» Your instructions:
Leave no picture in, and give every entry again exactly.

» Given data:
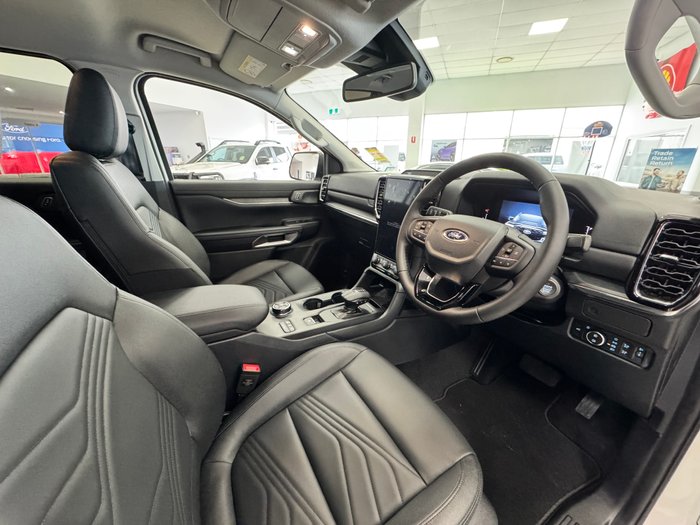 2025 Ford Everest Trend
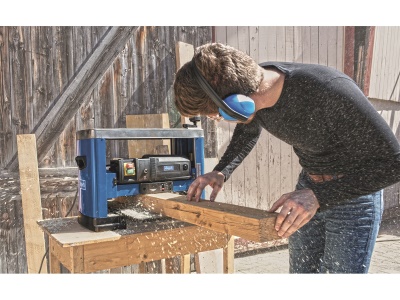 Scheppach PLM1800 - protahovačka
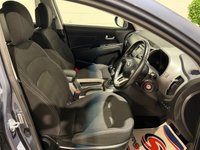 USED 2015 15 KIA SPORTAGE 1.7 CRDi EcoDynamics 1 SUV 5dr Diesel Manual 2WD Euro 6 (s/s) (114 bhp) 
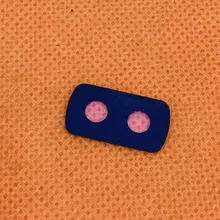 Оригинальная задняя крышка для стеклянного объектива камеры для HOMTOM S8 MTK6750T Octa Core 5," HD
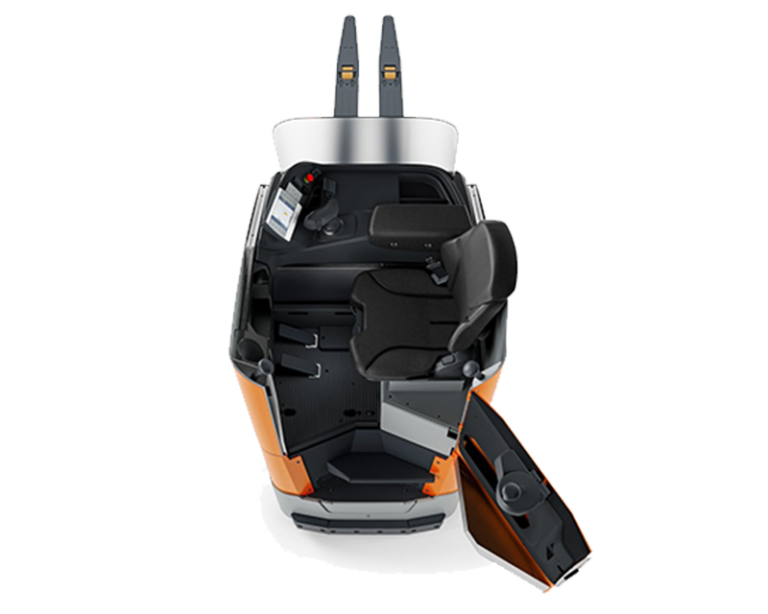 BOPT (Rider Seated Low Lift Pallet Truck) - Gear India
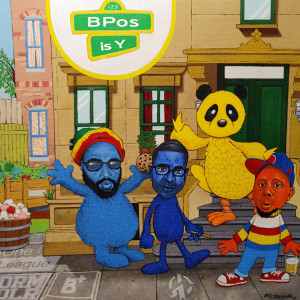 Album BPos Is Y (Explicit) from SoundEarth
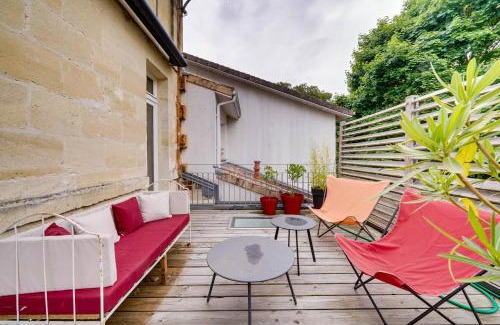 Le Bouscat Casa | La Socket - maison près du centre-ville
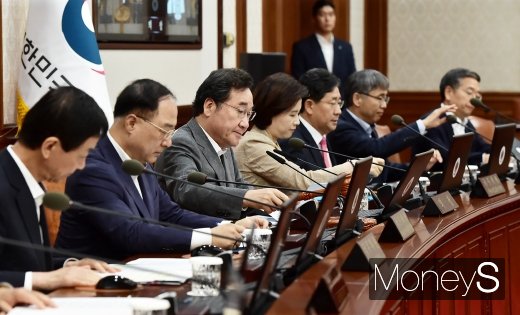 [머니S포토] 국제유가 점검에다 돼지열병 확산 방지까지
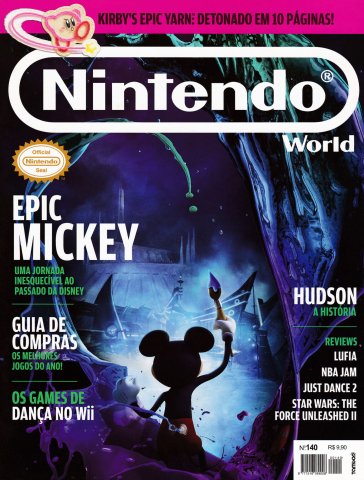 Nintendo World #140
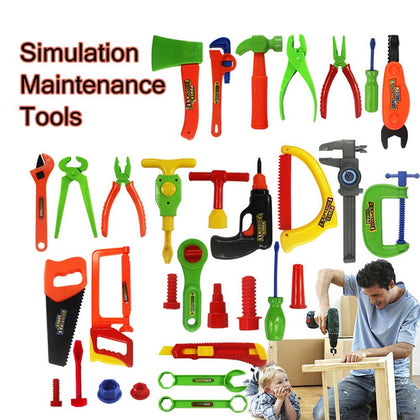 Children Repair Tools Set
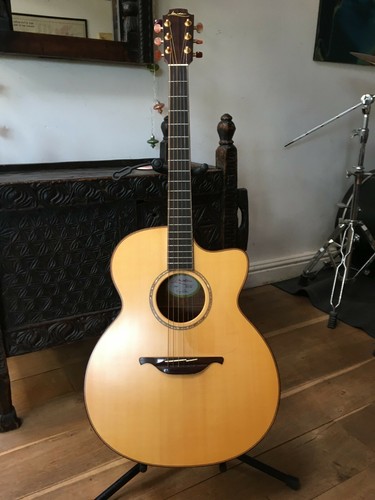 Acoustic guitar lowden -  ,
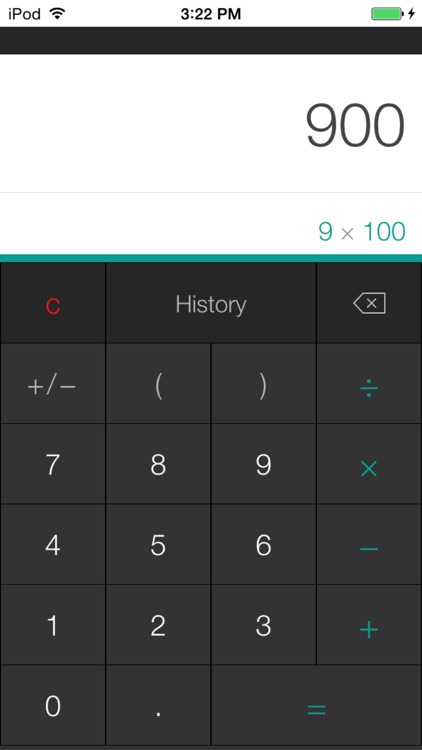 Calc*Zero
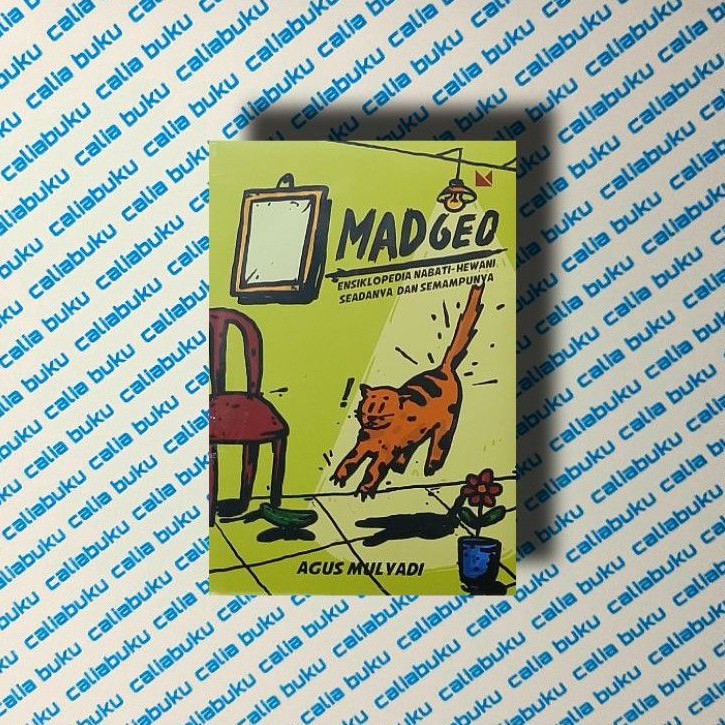 MADGEO : Ensiklopedia Nabati-Hewani Seadanya dan Semampunya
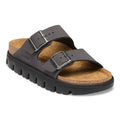 Arizona Chunky Birko-Flor Nubuck - Velvet Gray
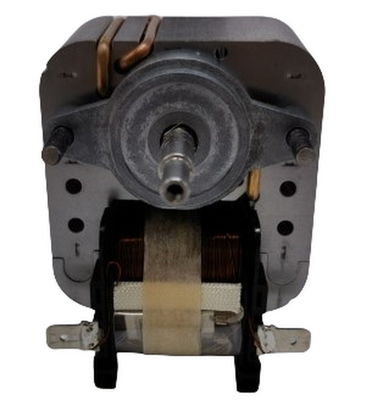2.38" 74W 220V Cフレーム 電動扇風機 モーター AC シングルフェーズ シェードポール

» Exercise solution:
 2025 Ford Everest Trend
 Scheppach PLM1800 - protahovačka
 USED 2015 15 KIA SPORTAGE 1.7 CRDi EcoDynamics 1 SUV 5dr Diesel Manual 2WD Euro 6 (s/s) (114 bhp) 
 Оригинальная задняя крышка для стеклянного объектива камеры для HOMTOM S8 MTK6750T Octa Core 5," HD
 BOPT (Rider Seated Low Lift Pallet Truck) - Gear India
 Album BPos Is Y (Explicit) from SoundEarth
 Le Bouscat Casa | La Socket - maison près du centre-ville
 [머니S포토] 국제유가 점검에다 돼지열병 확산 방지까지
 Nintendo World #140
 Children Repair Tools Set
 Acoustic guitar lowden -  ,
 Calc*Zero
 MADGEO : Ensiklopedia Nabati-Hewani Seadanya dan Semampunya
 Arizona Chunky Birko-Flor Nubuck - Velvet Gray
2.38" 74W 220V Cフレーム 電動扇風機 モーター AC シングルフェーズ シェードポール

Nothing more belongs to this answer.